Jurisdiction of the adjudicator: an update

12 January, 2015
by: Cripps Pemberton Greenish

There have been a number of cases recently on adjudicator jurisdiction. The latest is ISG Construction Ltd v Seevic College (2014) in which the Technology and Construction Court found that a lack of a pay-less notice from the employer following an interim payment application meant that the employer had effectively agreed the value of the works carried out to date referred to in the application and so could not seek to challenge that valuation in a subsequent adjudication.

ISG Construction Ltd and Seevic College entered into a JCT Design and Build Contract 2011. The contract stated that interim payments would be made to ISG on a monthly basis. ISG submitted a payment application for just over £1m and Seevic failed to serve a payment notice or a pay-less notice in accordance with the contract. The effect of this was that the sum due was that stated in ISG’s interim payment application.

Seevic failed to pay the sum claimed and ISG commenced an adjudication (the First Adjudication). It was decided that ISG was entitled to the amount stated in its payment application. In anticipation of losing the First Adjudication Seevic commenced a separate adjudication to value the works to the date of the payment application (the Second Adjudication). The Second Adjudication was decided in favour of Seevic. By the First Adjudication Seevic was directed to pay just over £1m as a result of its failure to serve any notices in response to the payment application. By the Second Adjudication Seevic was entitled to a reimbursement of £768,525, being the over-valuation of works decided by the Second Adjudication.

ISG applied to court to enforce the First Adjudication award and to set aside the Second Adjudication award. The TCC found for ISG on both counts. The lack of a pay-less notice meant that Seevic could not challenge the value of the works claimed in ISG’s payment application. This being the case the First Adjudication had effectively decided the question of the value of the works to that point. The same question could not therefore be susceptible to a second adjudication.
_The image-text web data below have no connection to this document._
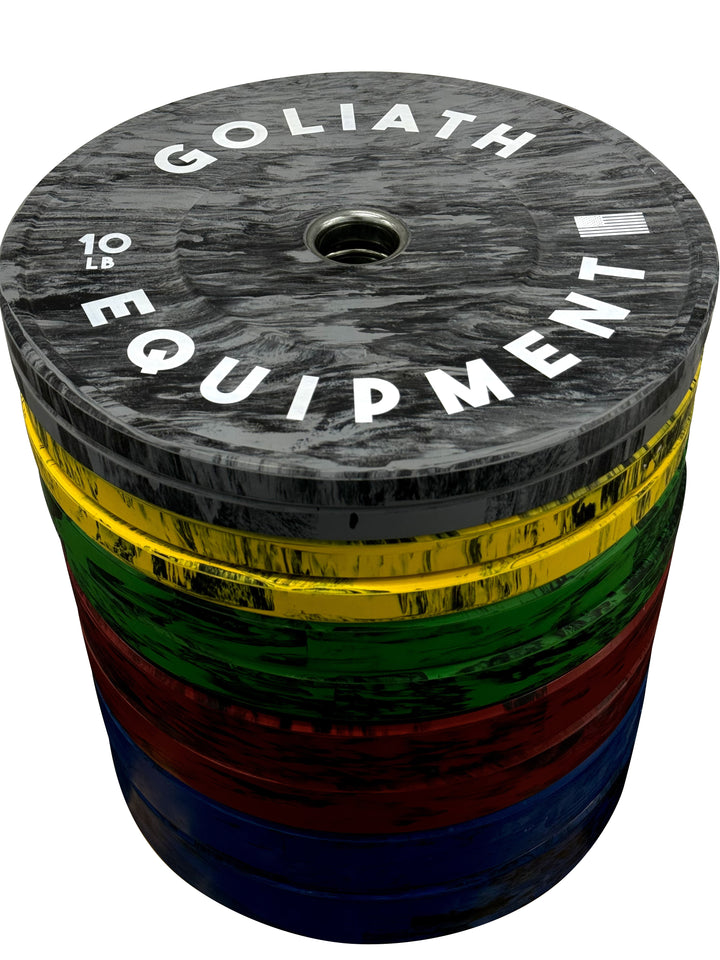 COLOR-CODED COMMERCIAL BUMPER PLATE SET – 260 LB OLYMPIC WEIGHT SET (10–45 LB)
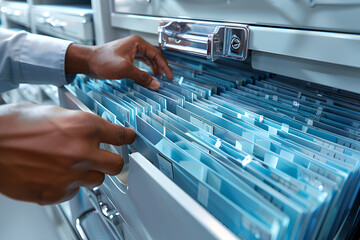 Fototapeta premium Cabinet with Folders – Organised Storage Solution for Office and Document Management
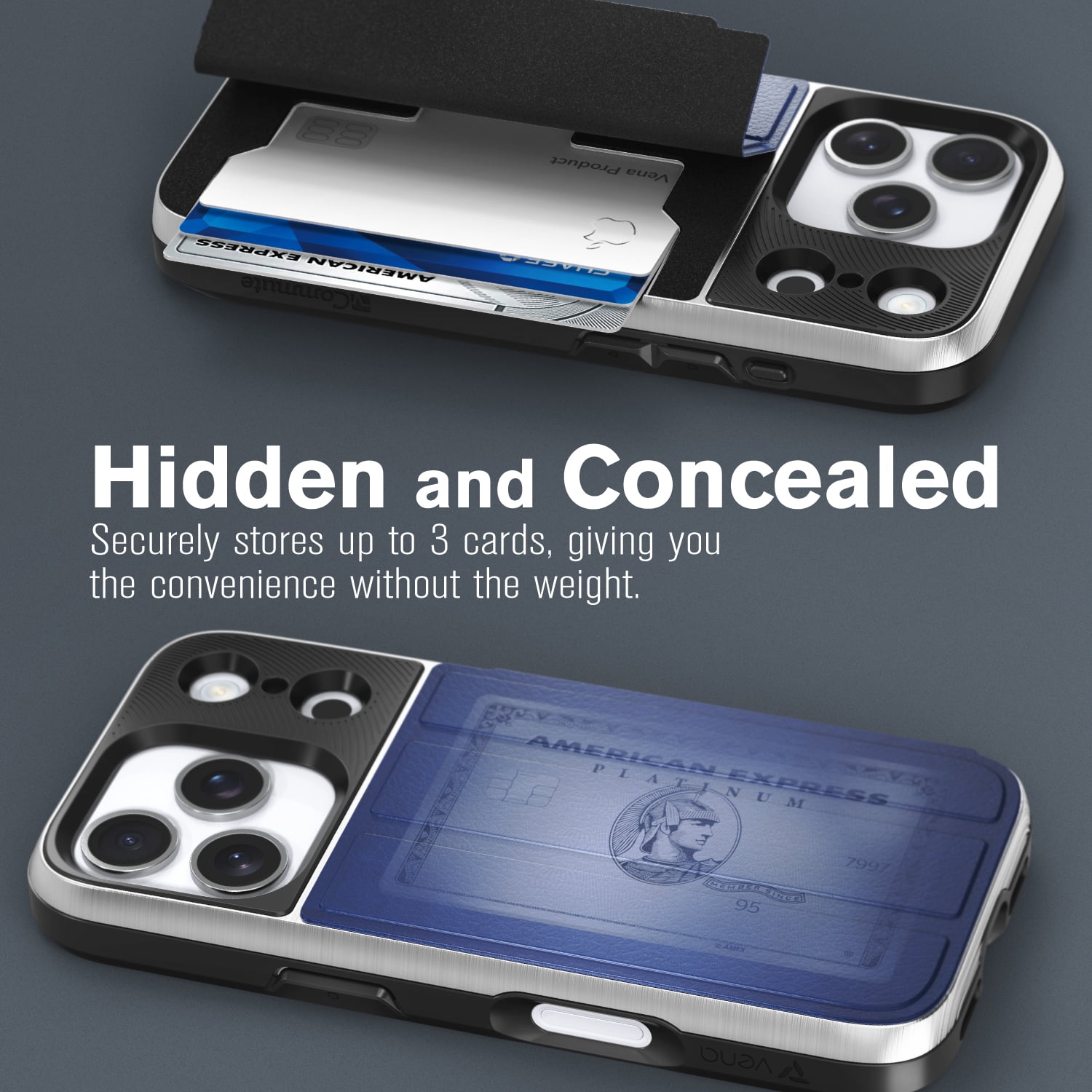 Vena vCommute For Apple iPhone 17 Pro Case Hidden Wallet,  Flip Leather Cover Slot Card Holder with kickstand, [Military Grade Drop Protection], Blue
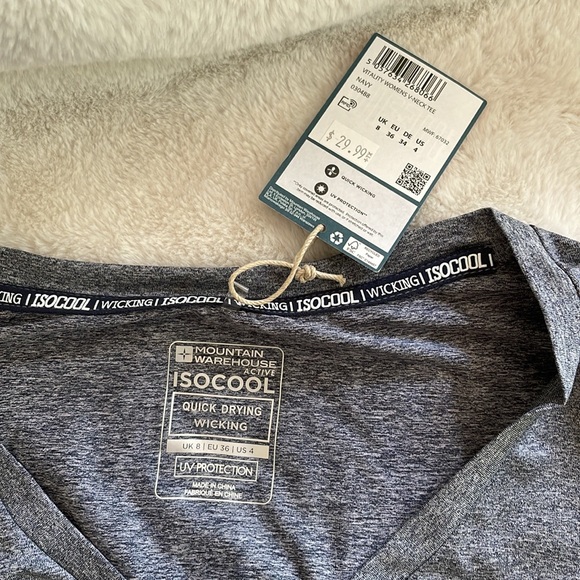 NWT Mountain Warehouse Active ISO COOL Vitality Women's V-Neck Tee - Picture 2 of 4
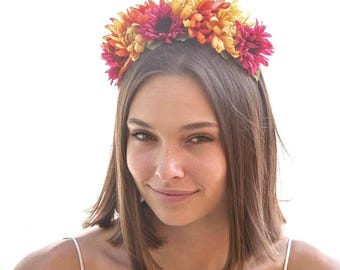 Mexican Flower Crown in Pink Orange and Yellow, Day Of the Dead Headband Halloween Hair Accessory Corona de Flores Costume Frida Kahlo Halo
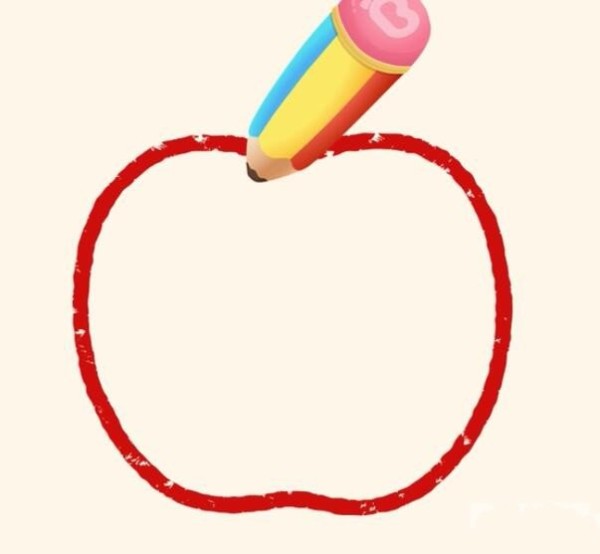 Magic simple drawing apple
The practical consequence of the decision is that if the trigger for payment in a construction contract is the service by a contractor of an interim payment application then the failure by an employer to serve a pay-less notice means the contractor is entitled to the amount stated in the interim application, irrespective of the value of the work actually carried out. The employer cannot seek to get around this failure by alternative means. While the final account can balance out issues such as over-valuation an employer in this situation would be left out of pocket pending the completion of the final account.